An understaffed, outgunned civilian police force can do little. The few suspects who are arrested are often released within days or hours, thanks to a court system that lacks the manpower or resources to process their cases.

To make matters worse, Kosovo's aging infrastructure is collapsing at the time it is needed most. A severe power shortage has left most of Kosovo dark, cold, and with little running water.

Ethnic diversity in reverse

Such a bleak portrait scarcely resembles the vision of a democratic, multi-ethnic Kosovo that NATO and the United Nations pledged to create.

Bodies
The bodies of 14 Serb farmers were found shot to death in a field in Kosovo on June 23, a short time after NATO peacekeeping forces arrived in the area  

"There is hardly any multi-ethnicity -- in fact the reverse," said Ivo Daalder, senior fellow at the Washington-based Brookings Institution. "Ethnic segregation is greater now than almost at any other time in Kosovo's history ... and economic activity is rudimentary at best."

Terrified by the rampage of murders, kidnappings and arson attacks by revenge-minded ethnic Albanians, an estimated 200,000 non-Albanians fled Kosovo in the months following NATO's entry into the province, according to the U.N. High Commissioner for Refugees (UNHCR).

As of mid-January, however, the exodus had stopped and a small number of Serbs have even returned. Many who stayed live in virtual fortresses under round-the-clock protection of the NATO-led peacekeeping contingent, Kosovo Force, or KFOR.

"The vicious cycle of ethnically related violence must be broken," warned U.N. Secretary-General Kofi Annan during a visit to Kosovo in October. "The human and civil rights of all people in Kosovo must be respected."

But pleas for reconciliation by Annan and other world leaders have failed to stop the bloodshed. The daunting task of restoring order to the province remains in the hands of KFOR's 45,000 troops and a small, U.N.-run international police force.

Help late in coming

NATO says it is doing all it can. "Every day, two out of three KFOR soldiers are out conducting security operations. Not only have the troops cracked down hard on crime and violence, making Kosovo a much safer place than it was just a few months ago, but they are instructed to monitor people where they are still in need, especially now during the cold winter months," said KFOR's spokesman, Lt. Cmdr. Philip Anido of the Canadian navy, in a mid-January press report.

Burial site
FBI investigators were sent to Kosovo in September to uncover a burial site believed to contain the bodies of 200 ethnic Albanians. Many of the murders of Serbs over the past six months have been attributed to vengeance for such atrocities.  

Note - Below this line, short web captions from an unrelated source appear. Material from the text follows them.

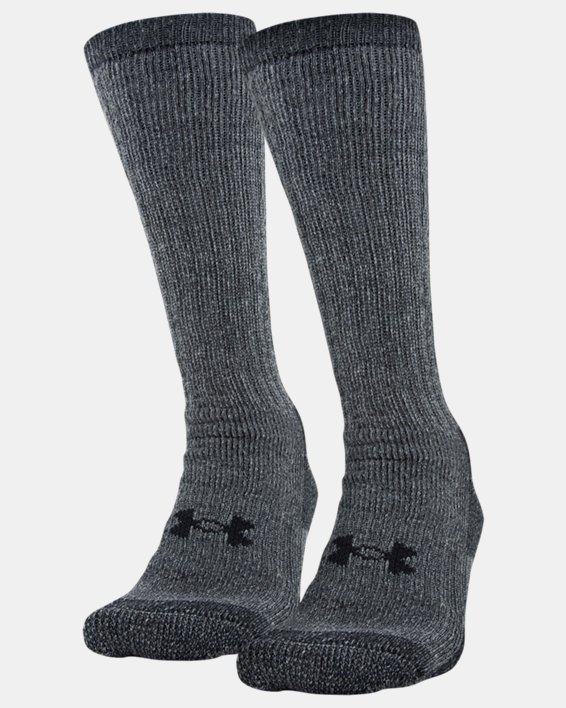 Under Armour Unisex UA Charged Wool Boot Socks - 2-Pack. 3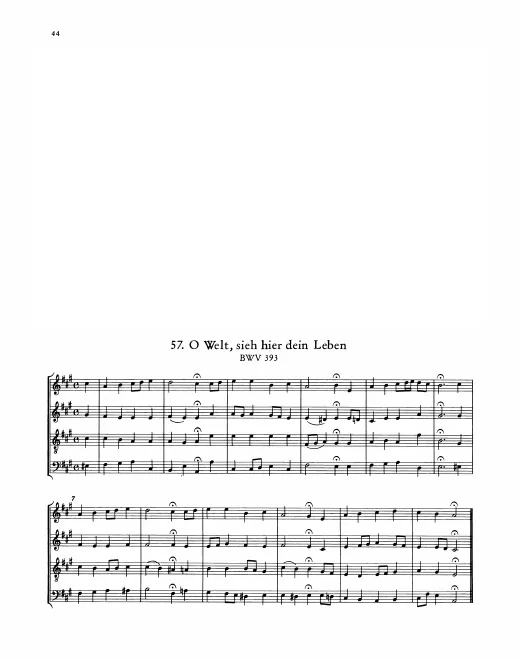 First page of O Welt, sieh hier dein Leben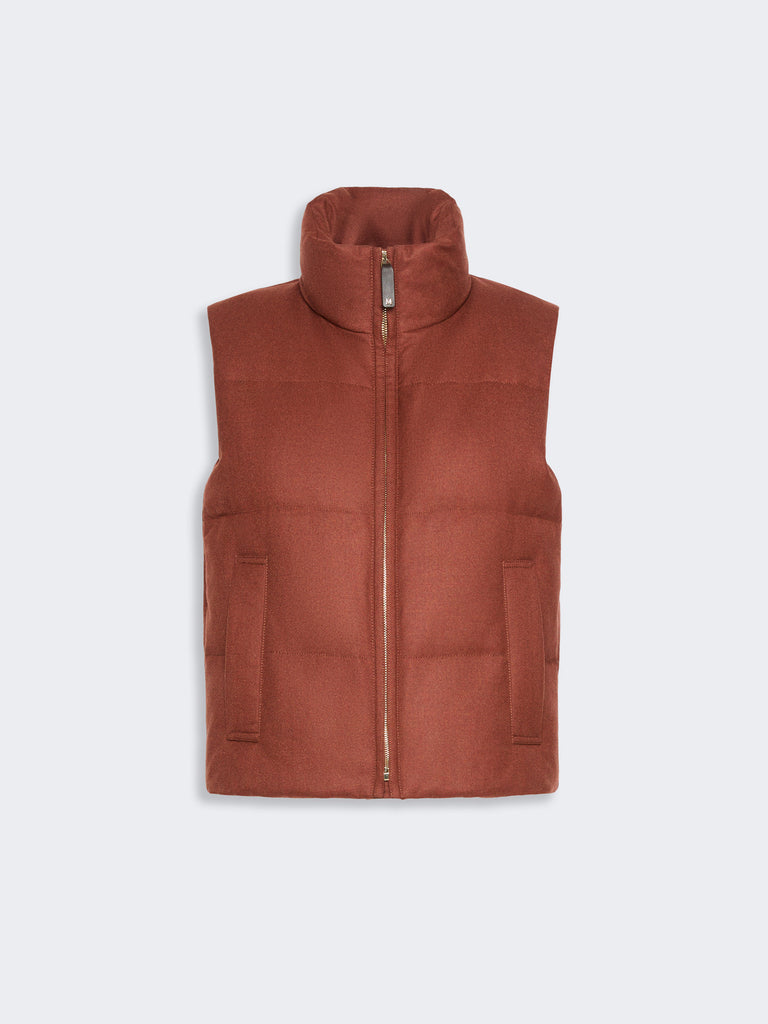 max mara padded cashmere blend gilet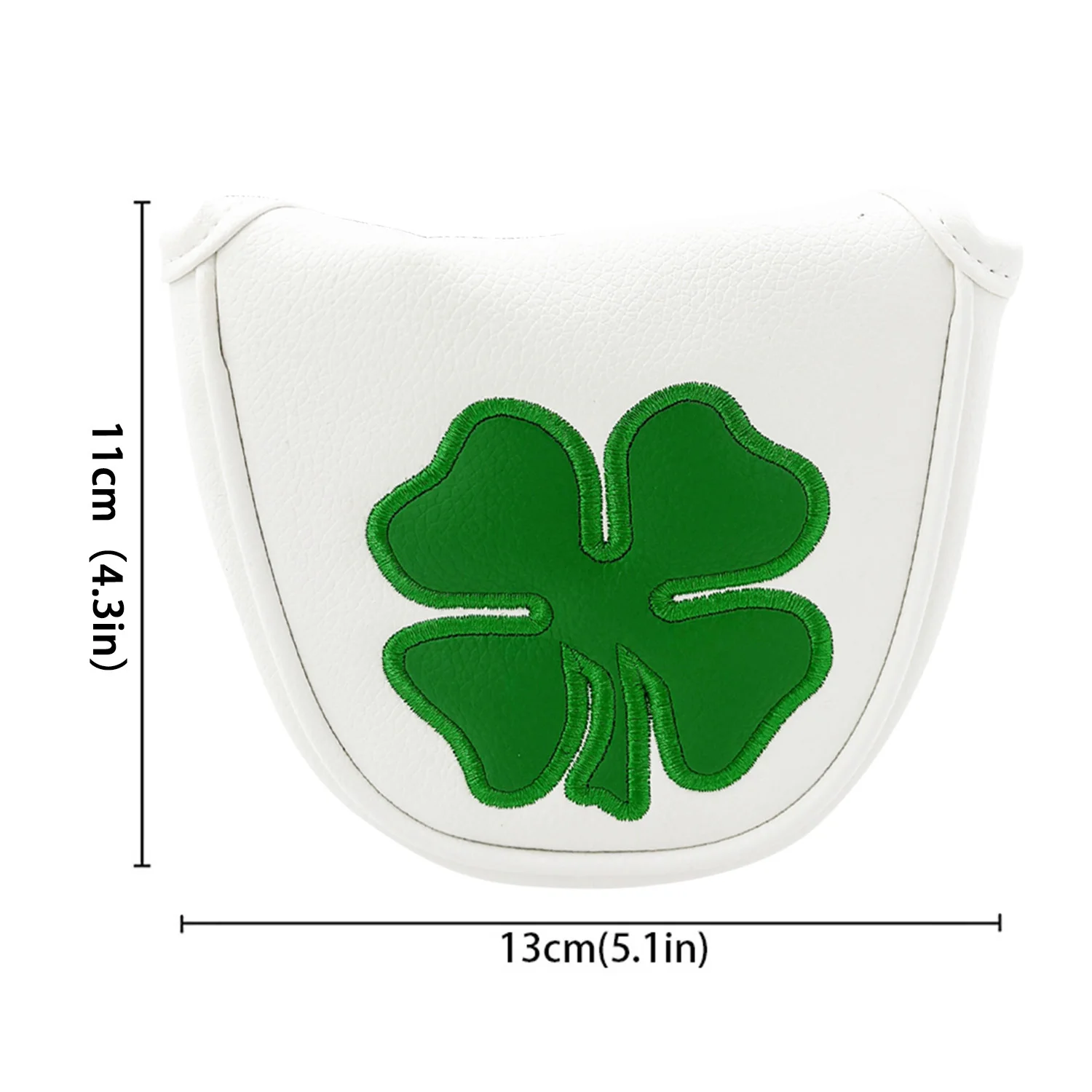 1pc Putter Head Cover, 'Clover' Pattern Golf Putter Covers, Protective Golf Club Covers and Mallet Putter Head Cover Accessories view 2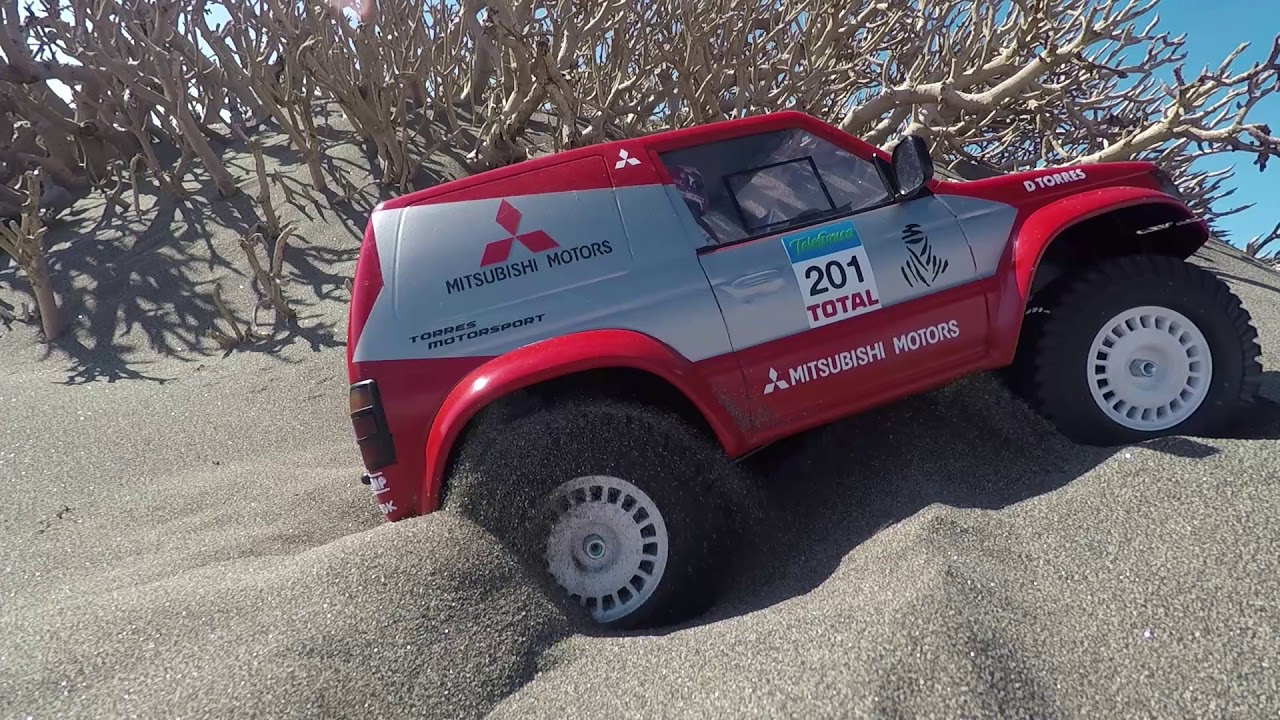 Fist Rute Montero Rally Raid Loopsmodel. Tamiya CC01. - YouTube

While KFOR is responsible for maintaining security in Kosovo, it is up to the police to investigate crimes. Armed only with handguns, the police are asked to take on gangs equipped with automatic rifles and grenades.

"The international police personnel have been late in coming, are often poorly prepared and, not knowing much about the situation or even their way around, are not really up to the job," the International Crisis Group, a Brussels-based multinational organization whose goal is to help the international community to understand and respond to impending crises, reported in December 1999.

The United Nations has asked the international community to contribute 4,700 officers to the police force, but so far it has managed to recruit only 1,900.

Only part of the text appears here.